Collected data entries
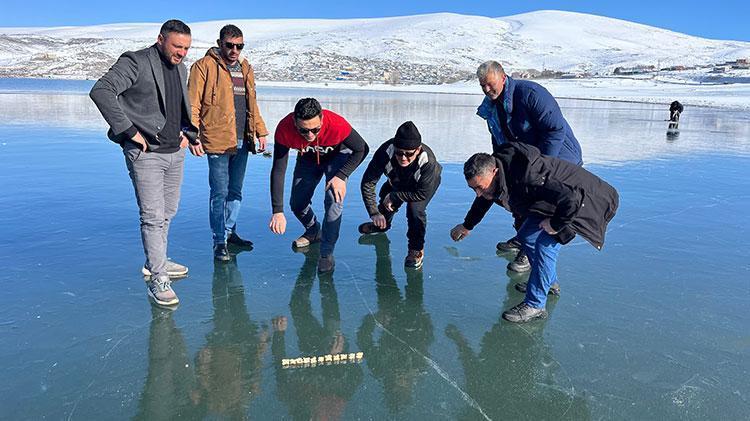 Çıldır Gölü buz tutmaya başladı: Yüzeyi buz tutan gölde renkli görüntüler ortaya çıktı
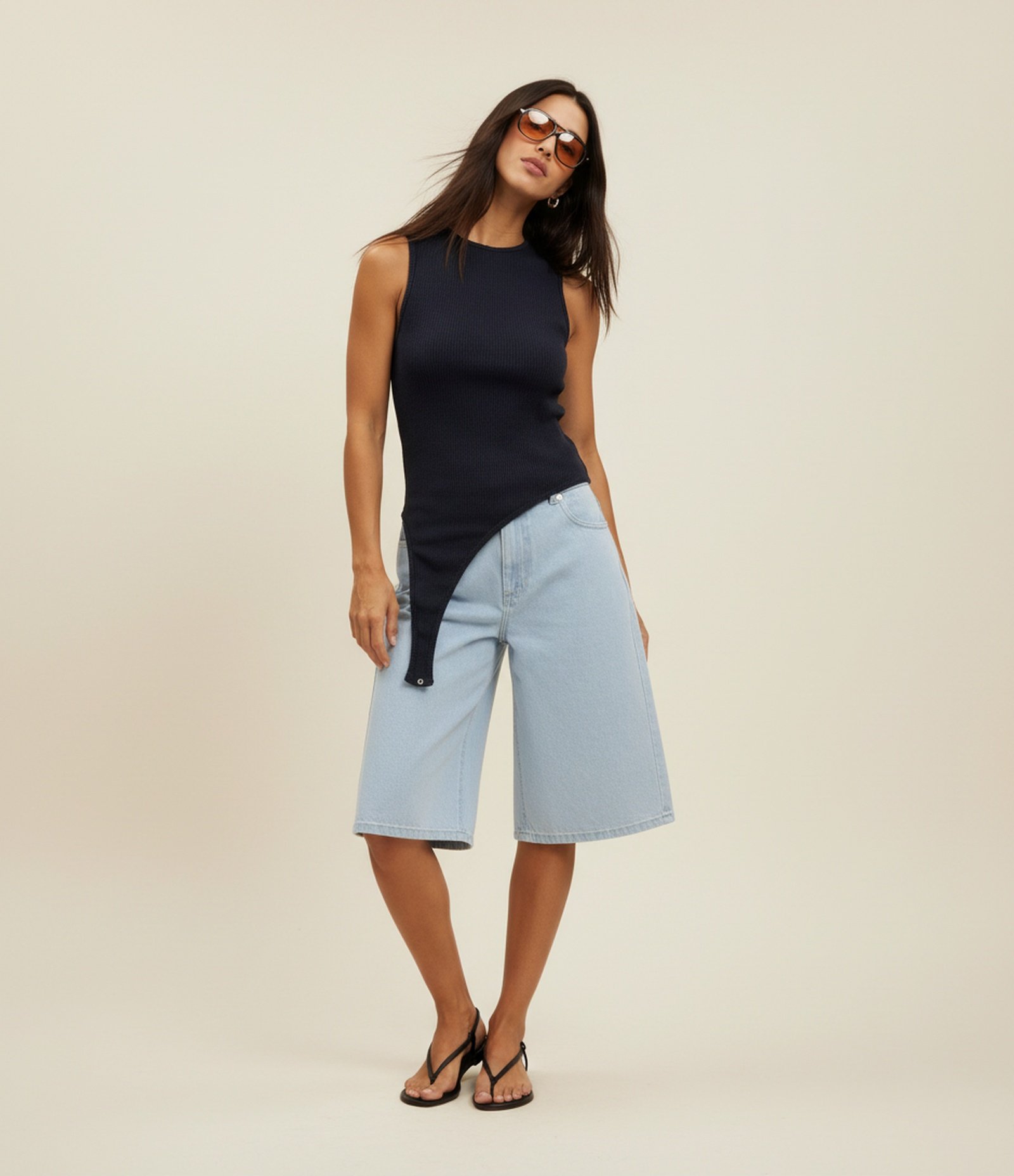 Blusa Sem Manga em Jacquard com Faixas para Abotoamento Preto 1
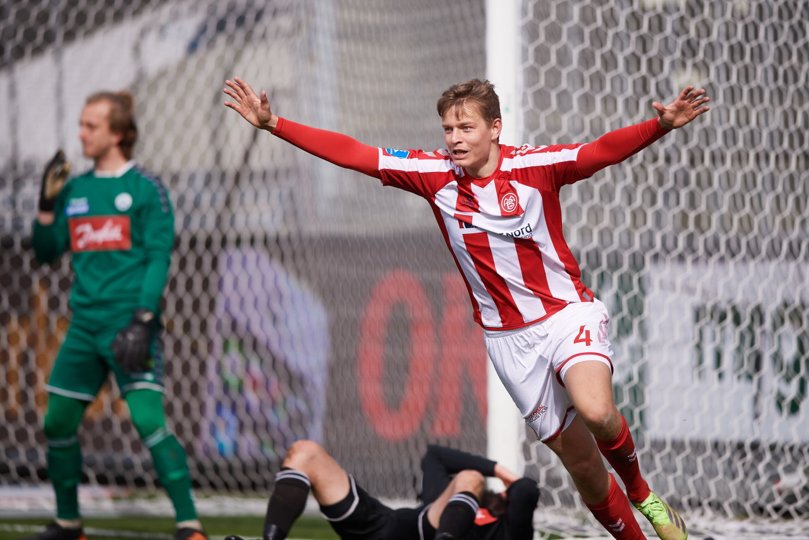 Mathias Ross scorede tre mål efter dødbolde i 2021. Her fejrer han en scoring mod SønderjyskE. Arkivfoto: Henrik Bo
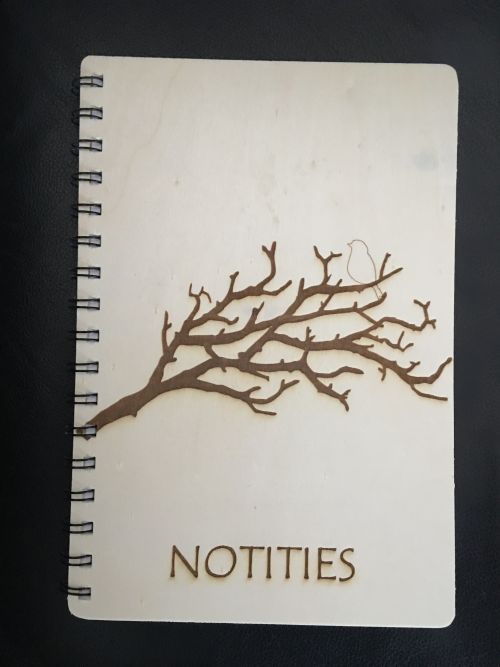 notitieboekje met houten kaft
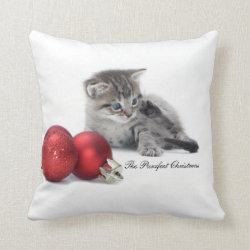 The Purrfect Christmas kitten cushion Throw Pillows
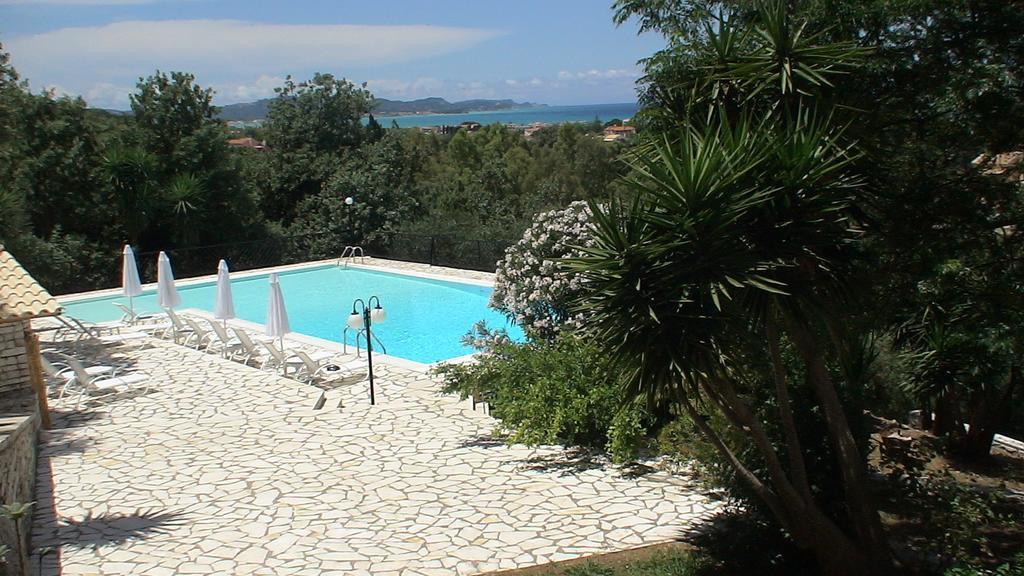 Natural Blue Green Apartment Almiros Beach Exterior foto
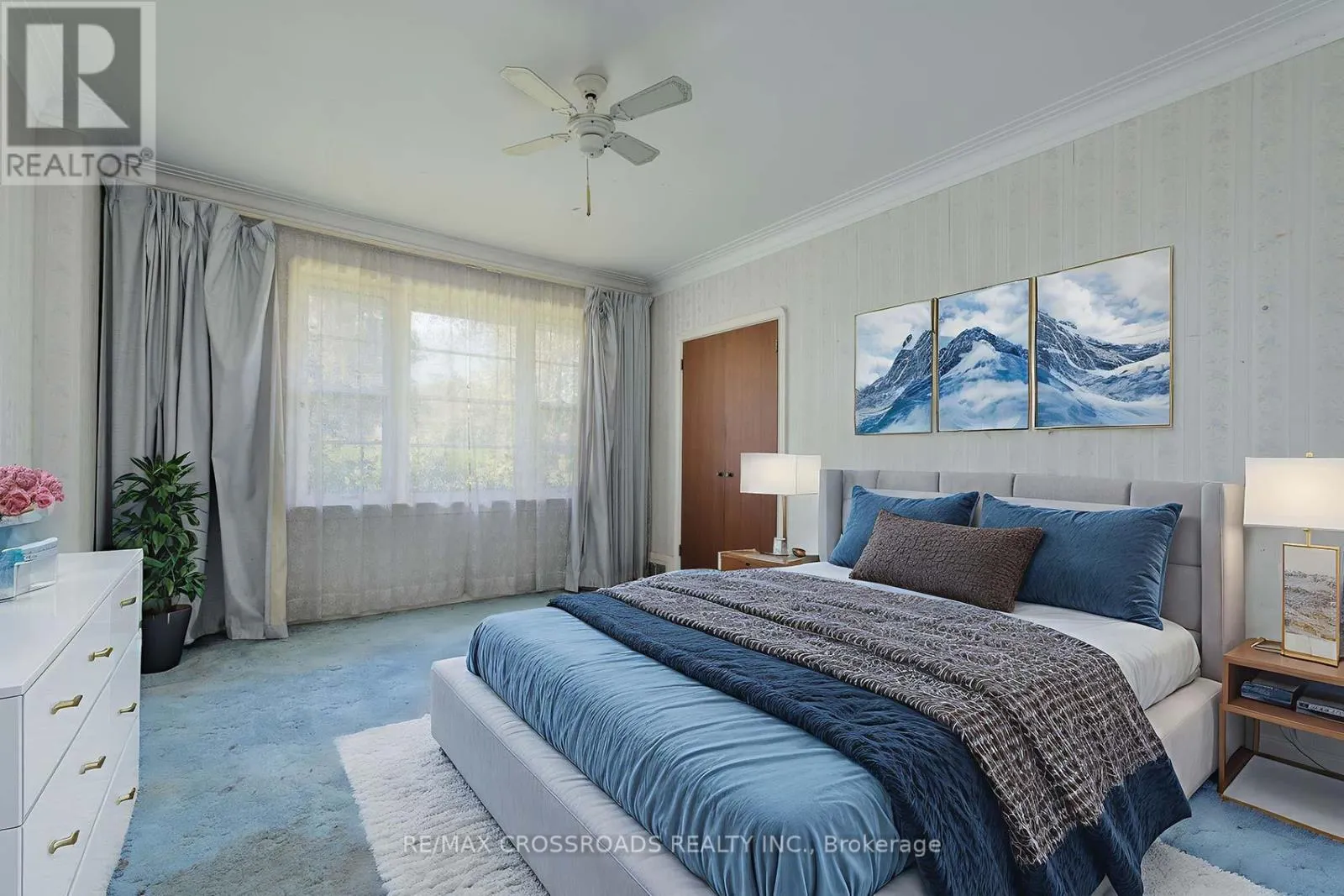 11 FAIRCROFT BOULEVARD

Exercise description
Only the lines from the one containing "Natural Blue Green" through the last line of the data belong in the copy, both included and reproduced exactly. Pictures do not.

Exercise answer
 Natural Blue Green Apartment Almiros Beach Exterior foto
 11 FAIRCROFT BOULEVARD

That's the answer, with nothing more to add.